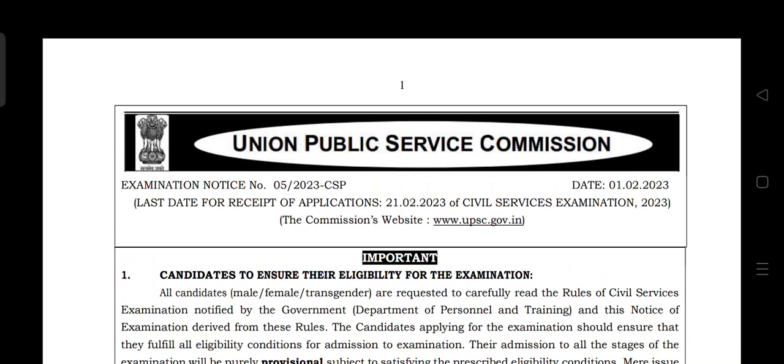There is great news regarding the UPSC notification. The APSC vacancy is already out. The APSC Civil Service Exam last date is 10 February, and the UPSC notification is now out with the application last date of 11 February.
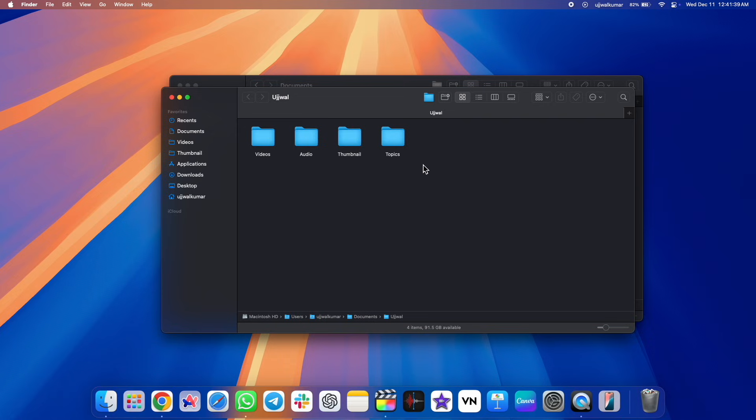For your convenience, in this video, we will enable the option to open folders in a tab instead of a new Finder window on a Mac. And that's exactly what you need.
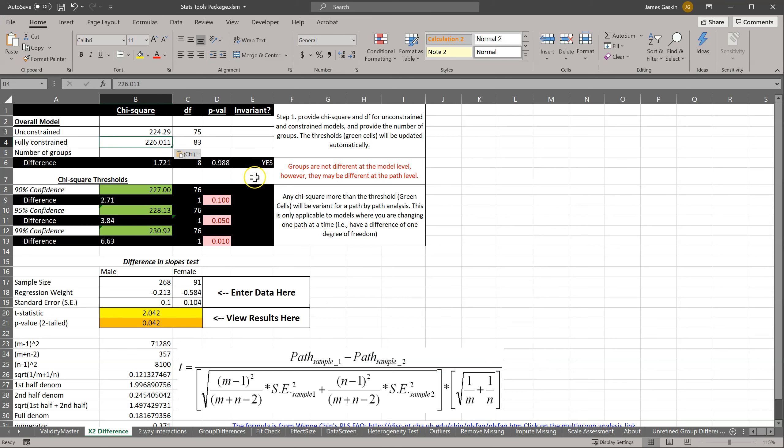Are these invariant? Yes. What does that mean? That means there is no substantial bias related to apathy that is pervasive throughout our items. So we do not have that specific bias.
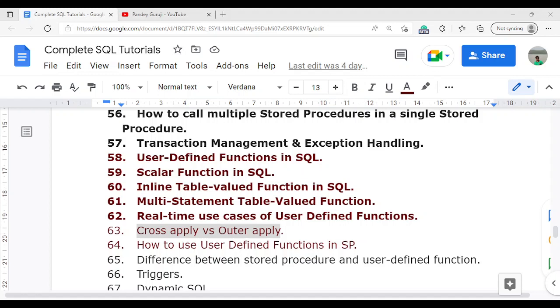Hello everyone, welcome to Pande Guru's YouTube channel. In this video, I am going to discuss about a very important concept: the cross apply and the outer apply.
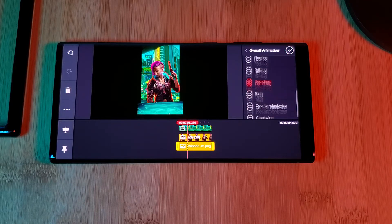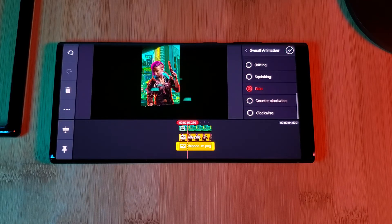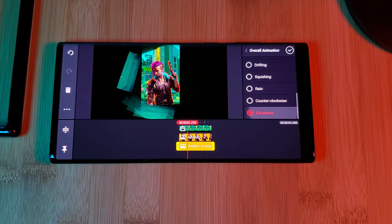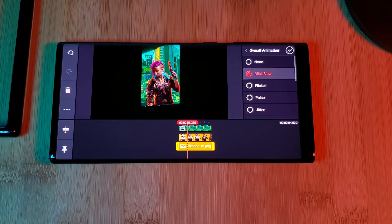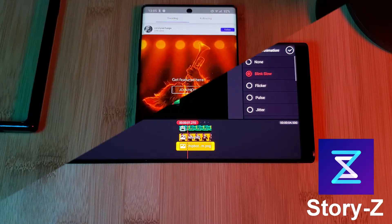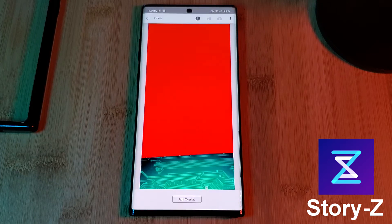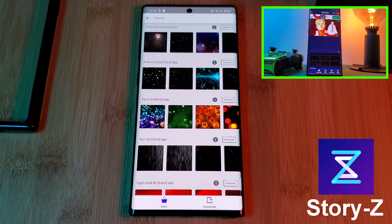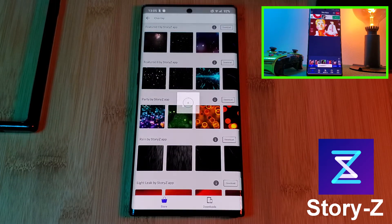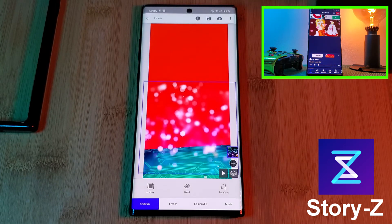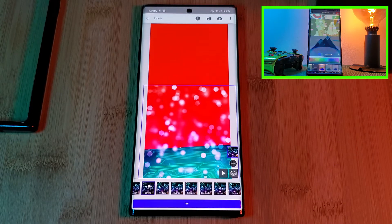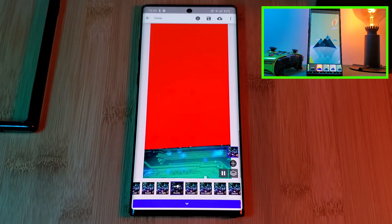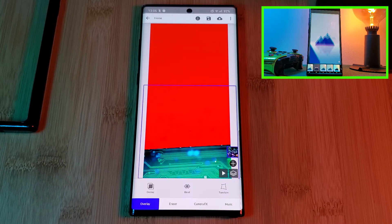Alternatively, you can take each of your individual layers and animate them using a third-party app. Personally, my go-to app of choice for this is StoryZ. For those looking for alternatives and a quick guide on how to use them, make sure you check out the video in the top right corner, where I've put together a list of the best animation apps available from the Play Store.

********

Exact copy, no images: rewrite the entire listing above.

There is great news regarding the UPSC notification. The APSC vacancy is already out. The APSC Civil Service Exam last date is 10 February, and the UPSC notification is now out with the application last date of 11 February.
For your convenience, in this video, we will enable the option to open folders in a tab instead of a new Finder window on a Mac. And that's exactly what you need.
Are these invariant? Yes. What does that mean? That means there is no substantial bias related to apathy that is pervasive throughout our items. So we do not have that specific bias.
Hello everyone, welcome to Pande Guru's YouTube channel. In this video, I am going to discuss about a very important concept: the cross apply and the outer apply.
Alternatively, you can take each of your individual layers and animate them using a third-party app. Personally, my go-to app of choice for this is StoryZ. For those looking for alternatives and a quick guide on how to use them, make sure you check out the video in the top right corner, where I've put together a list of the best animation apps available from the Play Store.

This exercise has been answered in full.